Databases maintain indexes to find a value or a range of values without scanning the whole table. The index is physically organized and ordered by the values you may look for so that each value has a logical place to find it.
With a tree structure over the index entries, the database can find this place with a few random reads for a minimal read amplification.
There are two major index structures used in databases:
- B-Tree: The tree's small height, which increases logarithmically with the number of index entries, minimizes the read amplification required to find the index entry. However, maintaining this structure involves variable write amplification to keep it balanced.
- LSM-Tree: The write amplification is limited to a log structure that appends the new index entry in memory. Those are flushed and compacted in the background, typically resulting in a few sorted files in one or multiple levels. The read amplification results from merging those sorted runs.
SQL databases perform frequent reading operations. Even a simple insert operation requires an index read to detect duplicate keys.
In the past, random reads were slow because they had to wait for the mechanical disk rotation (HDD). To achieve predictable performance on reads, databases designed at that time used B-trees. The higher levels of the B-tree could remain in cache, in shared memory buffers, and random reads were limited by the B-tree depth.
Today, with flash memory (SSD), random reads have low and predictable latency. It is now acceptable to do more reads to limit the write amplification.
Lot of modern databases use LSM trees, where writes are fast and appended in the first level, which is a memory table protected by WAL (written sequentially). To limit the space in memory, they are flushed to SST files and must be compacted in the background to limit the read amplification. This is done by reading the LSM tree (random reads) and writing to new SST files (sequential writes). LSM trees became popular, especially with RocksDB and derived databases, because they fit the performance of SSD storage where random reads are fast, but random writes should be avoided.

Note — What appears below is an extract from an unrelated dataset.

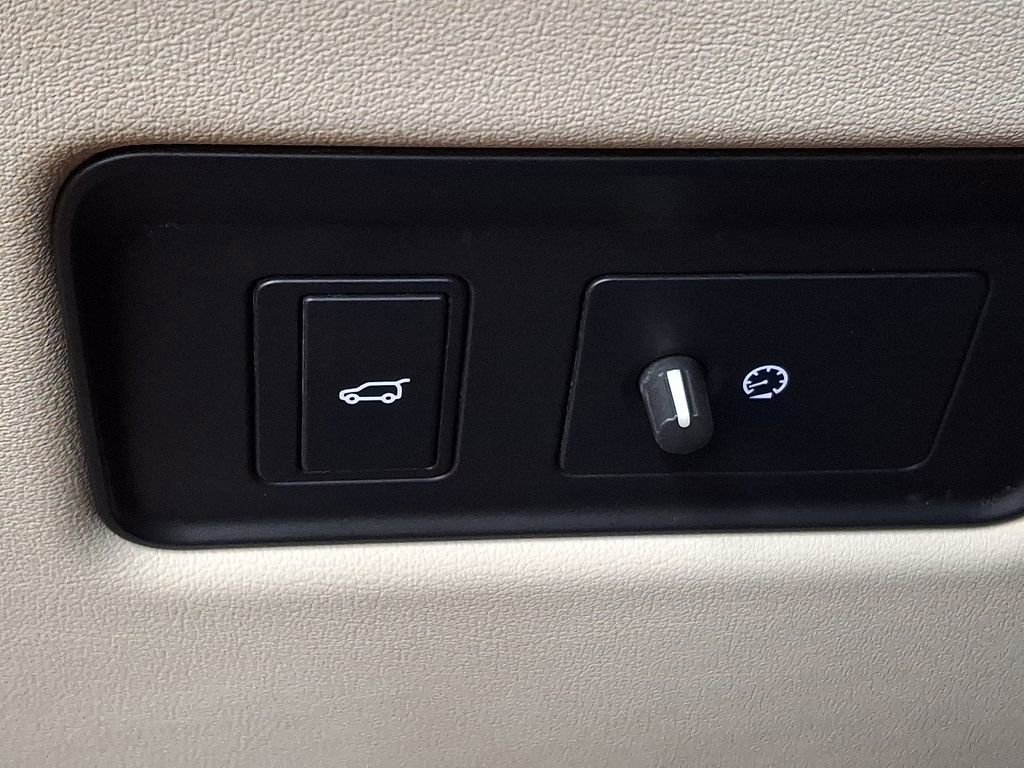 Used 2021 Land Rover Range Rover HSE image 19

B-Tree write amplification with Oracle
Let's take an example to illustrate how writes to B-trees can be slow and unpredictable. I create the following table in Oracle 19c Autonomous Database:
create table demo (
id raw(16) default sys_guid() primary key
, ts timestamp default current_timestamp
, reads int
, writes int
);
I will insert one million rows into this table and count the number of reads (db block gets
for the current version and consistent gets
for the MVCC version) and writes (db block changes
). Rather than inserting random rows and observing the statistics, I'm inserting the statistics themselves to analyze later.
Here is what I've run in SQL Developer with a repeat
command to insert one million rows that hold my session statistics about block read and writes:
insert into demo (reads, writes)
select bg+cg , bc from (
select name,value from v$mystat
join v$statname using(statistic#)
) pivot (
sum(value) for name in ('db block changes' bc,'db block gets' bg
, 'consistent gets' cg
,'redo size' rs)
);
repeat 999999 0.001
commit;
Remember to commit before losing your transaction after the autonomous idle timeout, as SQL Developer disobeys auto-commit
with repeat
.
I use this simple query to calculate the delta from the cumulative statistics, group on the number of reads and writes, and show the sum:
select count(*), reads+writes, reads, writes from (
select id
, reads-lag(reads)over(order by ts) reads
, writes-lag(writes)over(order by ts) writes
from demo
) group by reads, writes order by reads+writes asc
;
COUNT(*) READS+WRITES READS WRITES
___________ _______________ ________ _________
162,349 10 6 4
776,173 11 7 4
9 12 8 4
4,711 12 7 5
9 13 9 4
588 13 7 6
25,590 13 8 5
1 14 10 4
2,935 14 8 6
17,414 14 9 5
471 15 9 6
11 15 8 7
4,934 15 10 5
98 16 9 7
520 16 10 6
65 17 10 7
64 17 11 6
4 18 11 7
...
12 159 98 61
1 160 98 62
1 161 100 61
3 169 120 49
1 172 122 50
1 173 126 47
4 181 129 52
1 182 132 50
2 185 134 51
1 186 134 52
3 197 143 54
1 199 138 61
1 221 174 47
1 709 705 4
1 736 732 4
1
100 rows selected.
There are two outcomes from it:
- the number of logical reads an writes are unpredictable (but yon don't see that in general as they happen on shared buffers in memory).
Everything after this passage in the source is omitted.